V. LL. Me parece muy estimulante esa idea tuya. Ahora, en esa novela total, que estarían escribiendo todos los novelistas latinoamericanos, que representaría la realidad total latinoamericana, ¿tú crees que debe también tener cabida de alguna manera esa parte de la realidad que es la irrealidad y en la que se mueve precisamente Borges con gran maestría? ¿Tú no crees que Borges está, de alguna manera, describiendo, mostrando la irrealidad argentina, la irrealidad latinoamericana? ¿Y que esa irrealidad es también una dimensión, un nivel, un estado de esa realidad total que es el dominio de la literatura? Te hago esta pregunta porque yo siempre he tenido problemas para justificar mi admiración por Borges.

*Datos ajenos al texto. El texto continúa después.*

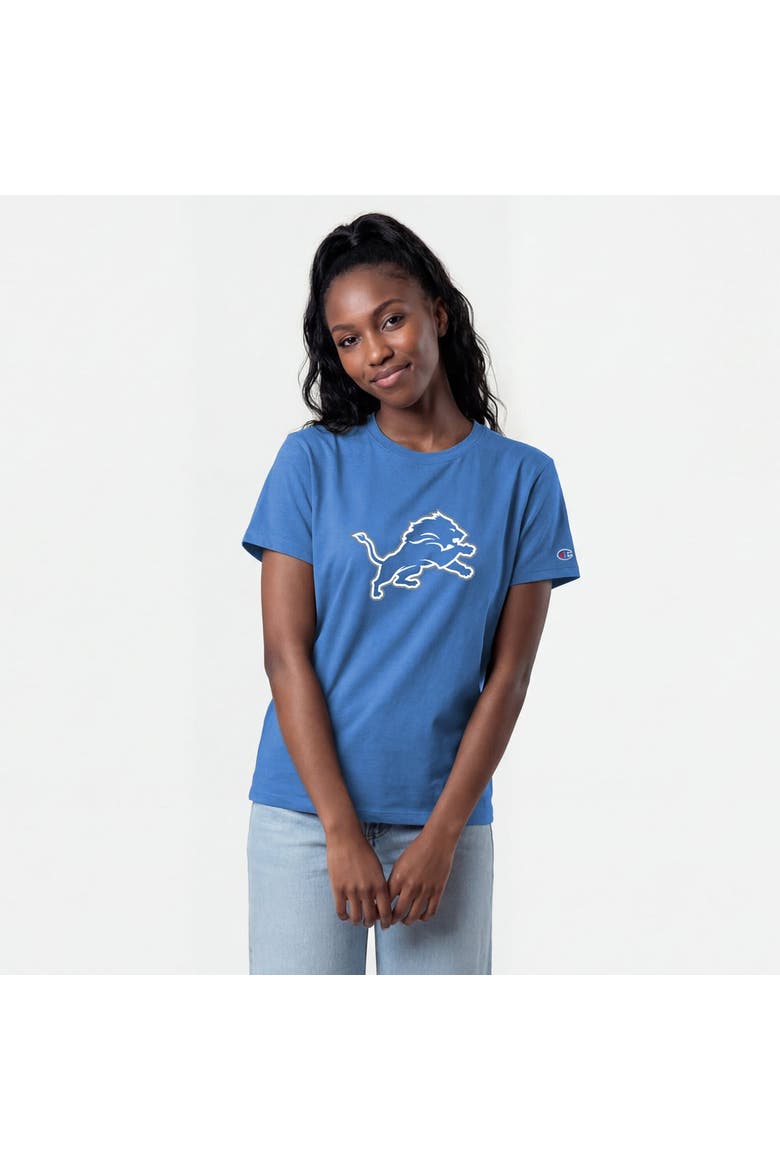 Women's Champion  Blue Detroit Lions Logo T-Shirt, Main, color, Blue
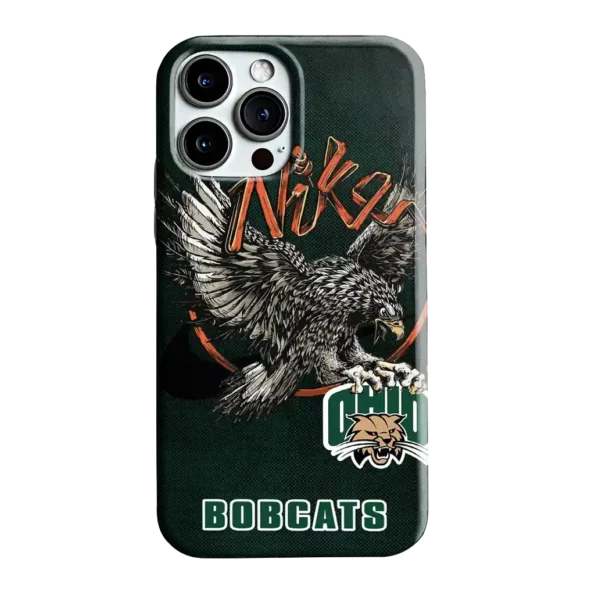 ohio bobcats eagle soar green phone case best selling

G. M. Ah, yo no tengo ningún problema para justificar mi admiración. Le tengo una gran admiración, lo leo todas las noches. Vengo de Buenos Aires con las Obras completas de Borges. Me las llevo en la maleta, las voy a leer todos los días, y es un escritor que detesto… Pero en cambio me encanta el violín que usa para expresar sus cosas. Es decir, lo necesitamos para la exploración del lenguaje, que es otro problema muy serio. Yo creo que la irrealidad en Borges es falsa también; no es la irrealidad de América Latina. Aquí entramos en paradojas: la irrealidad de América Latina es una cosa tan real y cotidiana que está totalmente confundida con lo que se entiende por realidad.